• REQUIREMENT: Keep the pictures out while you transcribe the listing below exactly.

• EXERCISE DATA:
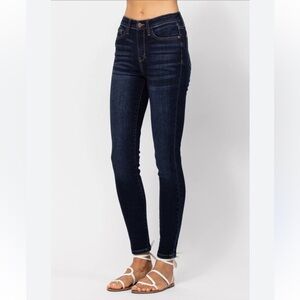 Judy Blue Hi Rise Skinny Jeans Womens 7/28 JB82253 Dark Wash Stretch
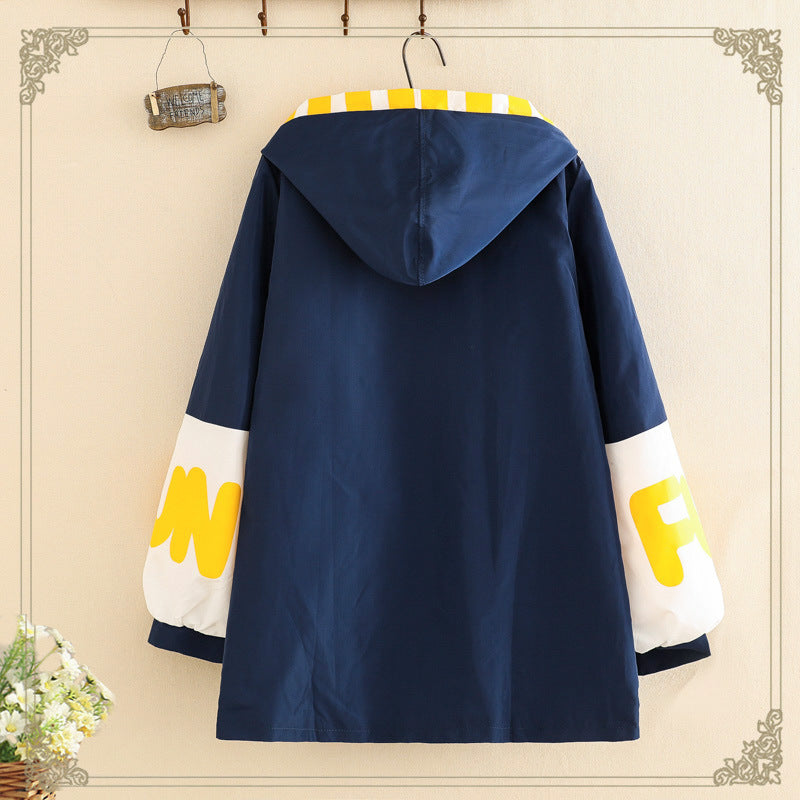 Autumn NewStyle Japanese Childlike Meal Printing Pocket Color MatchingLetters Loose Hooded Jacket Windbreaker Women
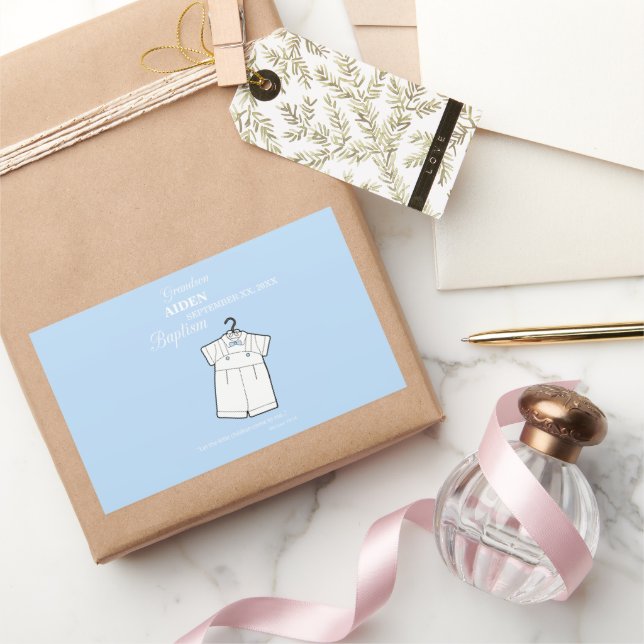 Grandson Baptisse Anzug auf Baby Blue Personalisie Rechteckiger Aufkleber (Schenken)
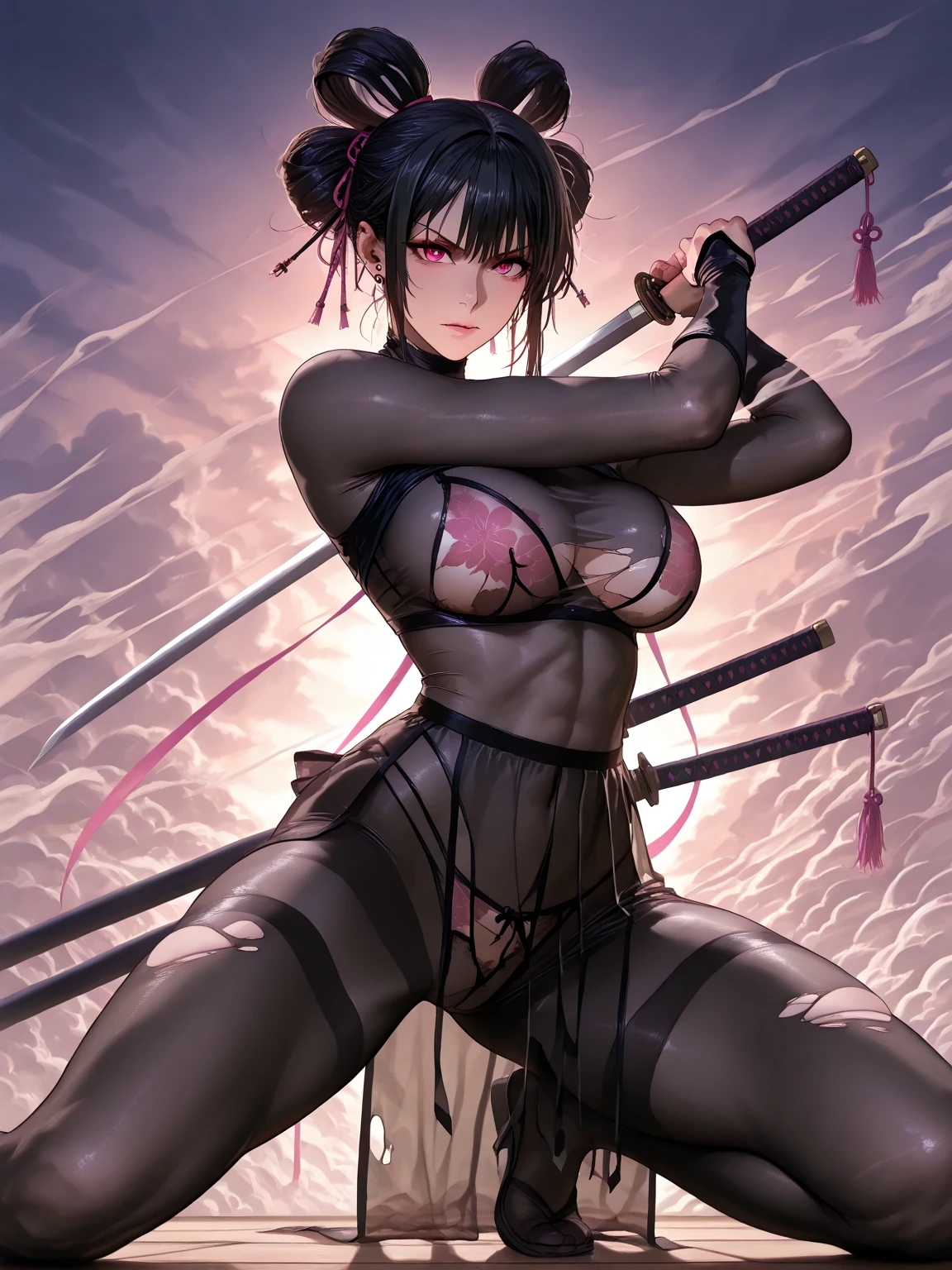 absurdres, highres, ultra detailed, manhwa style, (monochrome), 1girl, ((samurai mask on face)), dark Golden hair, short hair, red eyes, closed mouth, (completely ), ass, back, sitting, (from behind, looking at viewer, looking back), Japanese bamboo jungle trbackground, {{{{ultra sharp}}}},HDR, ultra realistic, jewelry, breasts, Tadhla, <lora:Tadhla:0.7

• COMPLETED EXERCISE:
 Judy Blue Hi Rise Skinny Jeans Womens 7/28 JB82253 Dark Wash Stretch
 Autumn NewStyle Japanese Childlike Meal Printing Pocket Color MatchingLetters Loose Hooded Jacket Windbreaker Women
 Grandson Baptisse Anzug auf Baby Blue Personalisie Rechteckiger Aufkleber (Schenken)
 absurdres, highres, ultra detailed, manhwa style, (monochrome), 1girl, ((samurai mask on face)), dark Golden hair, short hair, red eyes, closed mouth, (completely ), ass, back, sitting, (from behind, looking at viewer, looking back), Japanese bamboo jungle trbackground, {{{{ultra sharp}}}},HDR, ultra realistic, jewelry, breasts, Tadhla, <lora:Tadhla:0.7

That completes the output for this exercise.